Written by Marv Wolfman, illustrated by George Perez, published by DC Comics. Okay, I have to admit I’m deeply ashamed of this one. I guess I should start with “Forgive me, father, for I have sinned,” as I have never read The New Teen Titans. I know, I know, I’m as shocked as you are. Actually, nay, Denizens, I am more shocked than you, but please allow me to explain. I very much knew of this series when it was coming out, but being a young Donist with but a limited allowance, I had to make some exceedingly difficult choices back in the day.

Before I had learned of the existence of the local comic shop (RIP Andromeda Book Store) I was forced to buy my comics at the grocery store, or the 7-11, or the K-Mart; I was a slave to the whims of the ol’ spinner rack. Compounding the problem was that I was limited by my allowance and whatever extra books I could guilt my mother into buying for me. There were also soooooo many amazing books to choose from back then. If there was a new The Micronauts or a The Saga of the Swamp Thing or a The Uncanny X-Men, then that is where my money was destined to go. We went to the grocery store often and there was always something that beat out DC’s teen heroes, including the mind-melting The Uncanny X-Men and The New Teen Titans comic which made having to skip the Titan’s own book all the more painful. Every time I saw a new issue with Robin, Changeling, Raven, Cyborg, Starfire, Kid Flash, and Wonder Girl squaring off against Brother Blood, Deathstroke, or Trigon I wanted to shed a tear because I knew glory awaited within those pages. Not only that, Crisis on Infinite Earths made the decision not to dive into this much-loved series all the more painful with the amazing Wolfman story and stunning Perez art. I guess when it comes down to it, it was just not meant to be.

Thankfully things change.

Fast forward a couple decades, and I have been eyeing the groovy Omnibus editions with their steep price, and was then thrilled to see the trade compilations appear at my LCS, but when Comixology had a sale for $5.99 per trade I decided the time had finally come. I bought the first three volumes and having read the first one, my newest regret is not having bought the six that were available at that low price. Crud. Oh well. At least I have two more 8+ issue trades to read through, and with any luck, this amazing series will go on sale again so I can see what all the fuss is about for the much lauded “The Messiah Complex” set to appear in volume seven. The New Teen Titans is definitely a better-late-than-never series, and the best thing about having waited so long to finally read it is that I have a ton of heavenly comics waiting for me to discover for the very first time.
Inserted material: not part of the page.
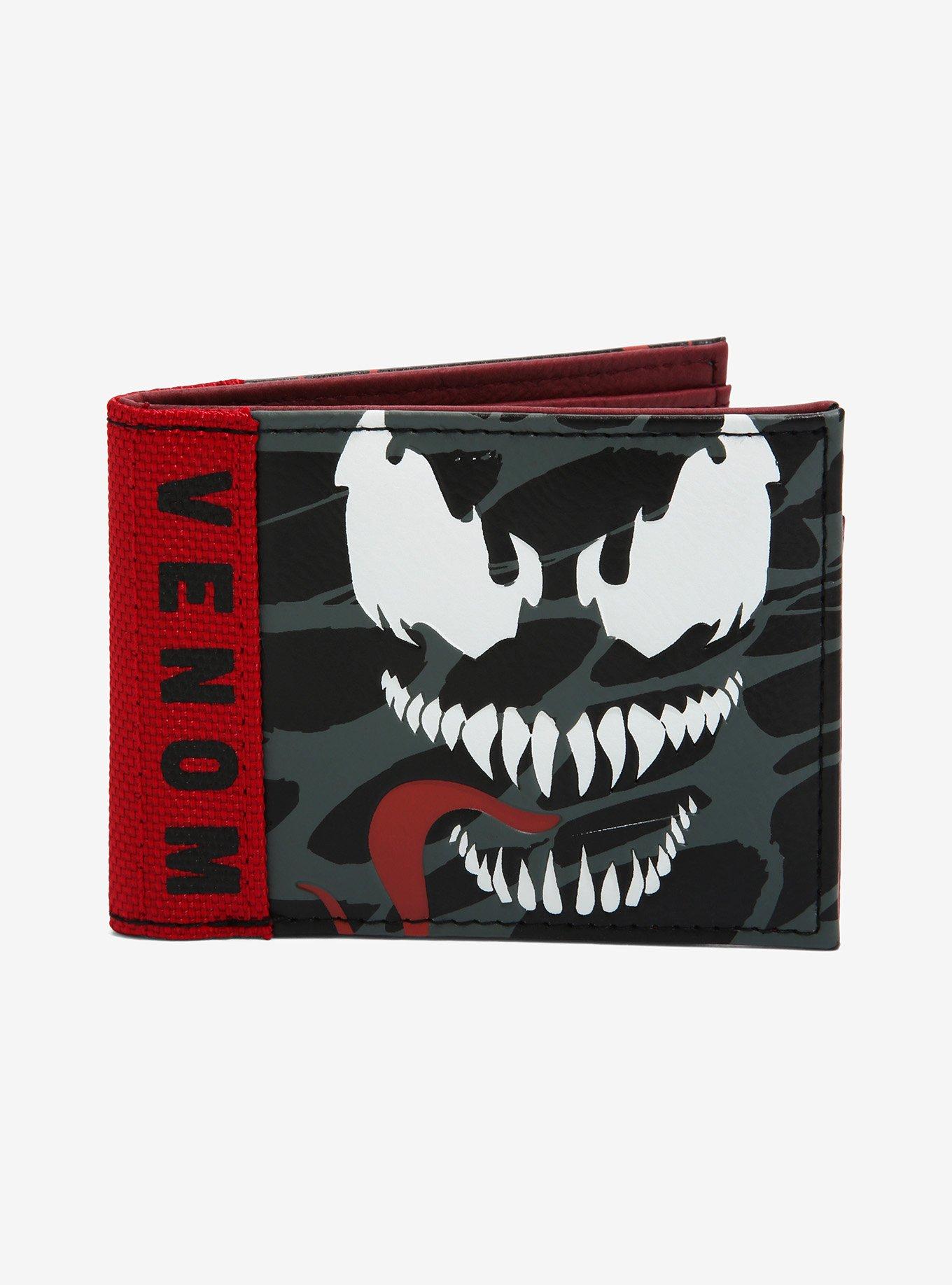 Marvel Venom & Carnage Bifold Wallet, , hi-res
Written by Billy Mantlo, illustrated by various, published by Marvel Comics. Not all of the books I write about for this feature will have a happy ending. The tale of my sorrow should thus begin with Rom. If you have been following Donist World for at least the two years, then you already know that I am cuckoo for Cocoa Puffs for The Micronauts, which is the comic series that turned me into a comic book collector in the first place.
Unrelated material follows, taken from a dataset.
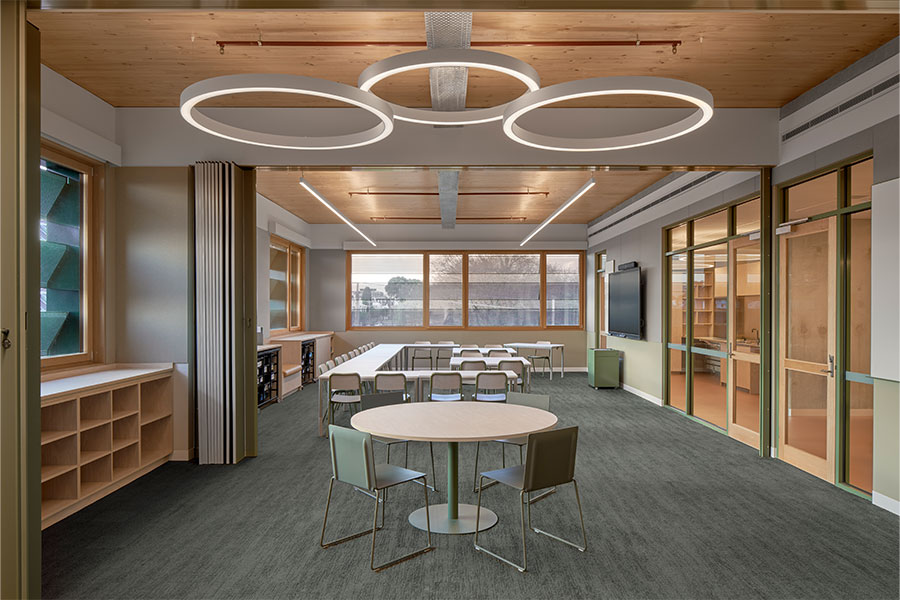 Clifton Hill Passive House Primary School - class room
Both Rom and The Micronauts came out in 1979, and I was, as always, under financial limitations as to what I could and could not buy. There was also Spider-Man, The Fantastic Four, The Incredible Hulk, and a host of other comics competing for my spare change, and those usually won out over this awesome looking comic. I guess it didn’t help that I had seen the Rom action figure and it just couldn’t stand up to the amazing The Micronauts toyline.

Now, don’t get me wrong, my brother and I bought a handful of issues and annuals over the years, but it was never enough to figure out what the heck was going on. At 75 issues and four annuals, Rom was a tough series to jump into, but the interest was always there. Now for the sad part: because of licensing issues, we might never see Rom collected in any sort of shape or form, which is monumentally sad, as I would gladly throw down some cash for a fairly priced collection or two. Here’s to hoping I don’t have to bargain bin this one over the next decade or two.
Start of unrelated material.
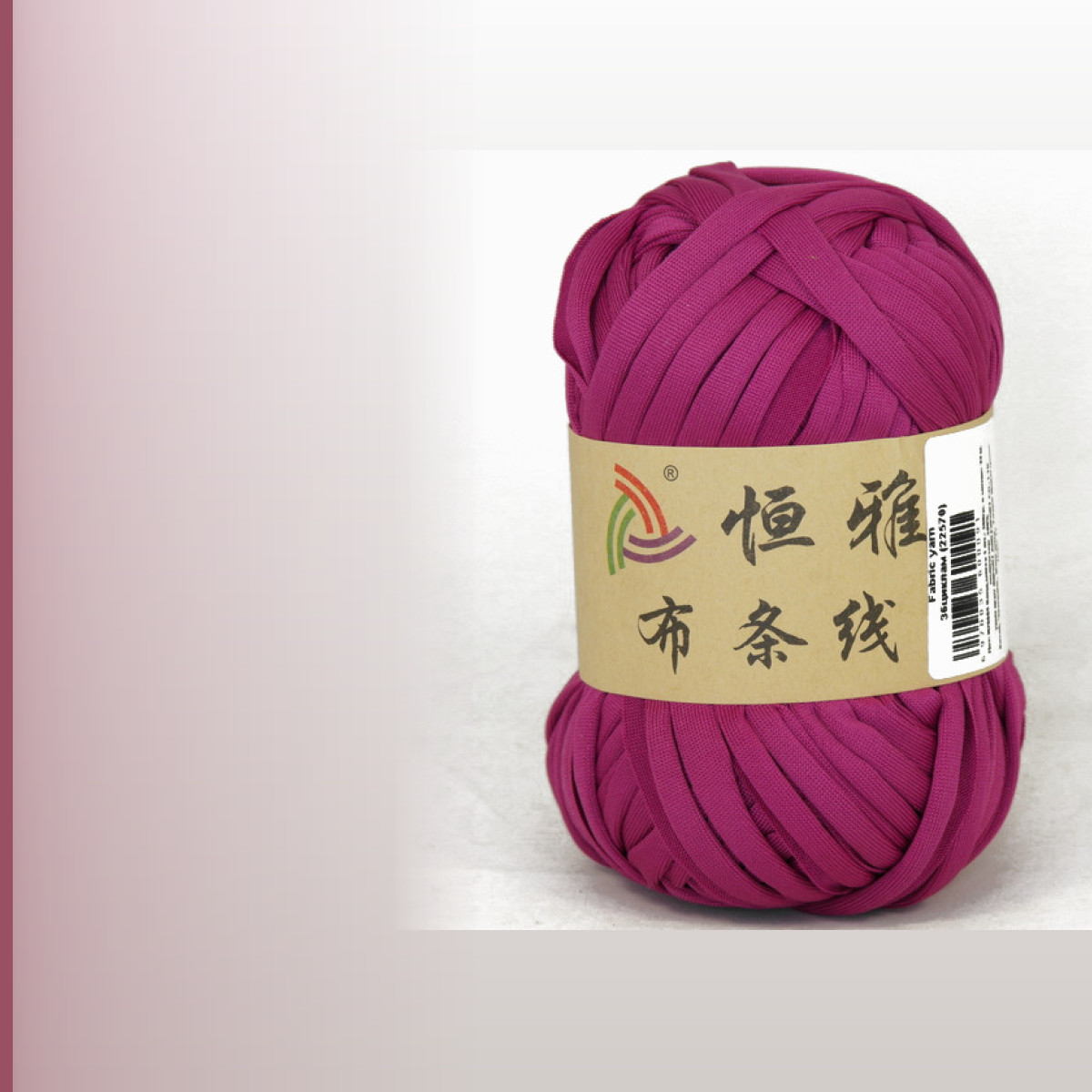 Fabric yarn, цикламен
Written by Marv Wolfman, illustrated by various, published by DC Comics. What do you know…two Wolfman books top the list of my greatest regrets. The cool thing is that each of these highly-praised series is starting to become available for all to read. The difference between The New Teen Titans and Vigilante, however, is that where I had a fairly good idea of who the Titans are, I have almost no background info on Vigilante.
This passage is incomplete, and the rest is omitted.